Michael S. Powell v. The Home Depot U.S.A., Inc.

Summarized by:

  • Court: Intellectual Property Archives
  • Area(s) of Law: Patents
  • Date Filed: 11-14-2011
  • Case #: 2010-1409, 2010-1416
  • Judge(s)/Court Below: Prost, Linn, and Dyk
  • Full Text Opinion

“A willful infringement determination requires” that “a patentee must show by clear and convincing evidence that the infringer acted despite an objectively high likelihood that its actions constituted infringement” and if that is met that the “objectively-defined risk was either known or so obvious that it should have been known to the accused infringer”

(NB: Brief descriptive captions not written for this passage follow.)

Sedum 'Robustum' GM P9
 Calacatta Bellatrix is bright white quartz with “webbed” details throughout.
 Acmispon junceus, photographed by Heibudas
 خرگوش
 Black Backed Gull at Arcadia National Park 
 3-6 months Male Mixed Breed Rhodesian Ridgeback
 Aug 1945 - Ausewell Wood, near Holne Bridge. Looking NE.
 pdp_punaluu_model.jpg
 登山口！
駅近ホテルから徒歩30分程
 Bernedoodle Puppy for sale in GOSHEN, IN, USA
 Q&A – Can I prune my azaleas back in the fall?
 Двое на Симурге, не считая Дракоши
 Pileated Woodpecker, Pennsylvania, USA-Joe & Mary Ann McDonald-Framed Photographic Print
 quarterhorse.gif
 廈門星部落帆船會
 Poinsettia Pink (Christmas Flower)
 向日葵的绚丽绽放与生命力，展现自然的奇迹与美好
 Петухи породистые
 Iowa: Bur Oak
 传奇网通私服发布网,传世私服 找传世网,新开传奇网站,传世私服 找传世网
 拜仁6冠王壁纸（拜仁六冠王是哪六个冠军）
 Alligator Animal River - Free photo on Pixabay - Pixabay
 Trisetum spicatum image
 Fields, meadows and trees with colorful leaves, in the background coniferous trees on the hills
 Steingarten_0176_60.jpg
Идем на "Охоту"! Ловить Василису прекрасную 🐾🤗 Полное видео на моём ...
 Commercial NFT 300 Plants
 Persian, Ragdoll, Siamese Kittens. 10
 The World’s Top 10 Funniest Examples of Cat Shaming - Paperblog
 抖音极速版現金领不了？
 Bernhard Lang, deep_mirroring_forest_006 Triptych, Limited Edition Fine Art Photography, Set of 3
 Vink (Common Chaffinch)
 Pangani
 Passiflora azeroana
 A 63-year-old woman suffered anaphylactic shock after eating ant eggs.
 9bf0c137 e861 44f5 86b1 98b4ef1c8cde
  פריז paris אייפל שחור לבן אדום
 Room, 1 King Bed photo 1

The Home Depot U.S.A., Inc. (“Home Depot”) appealed from the District Court for the Southern District of Florida’s decision of patent infringement of Michael S. Powell’s (“Powell”) U.S. Patent No. 7,044,039 (“’039 Patent”), the validity of the ‘039 Patent due to inequitable conduct, and the amount awarded to Powell including adjustment for the willfulness of the infringement. The Court of Appeals for the Federal Circuit affirmed all the findings of the District Court. Home Depot’s challenge to infringement was based on the District Court’s claim construction of “dust collection structure” and “table top.” The Court of Appeals agreed with the District Court’s construction of the terms and held that there was substantial evidence for a finding of infringement. Home Depot argued that Powell acted inequitably by not updating his Petition to Make Special for the ‘039 Patent due to a change in circumstances. The Court of Appeals stated that an applicant’s failure “to update [] the circumstances which support a Petition to Make Special [] does not constitute inequitable conduct.” The Court of Appeals found that Powell had fulfilled the objective prong and had presented adequate evidence for the jury to decide Powell had met the subjective prong of the two-pronged analysis for willful infringement allowing the enhanced of damages. Finally, the Court of Appeals found that the District Court did not abuse its discretion in awarding attorney fees upon finding the case was exceptional based on Home Depot’s “litigation misconduct and vexatious and bad faith litigation. AFFIRMED.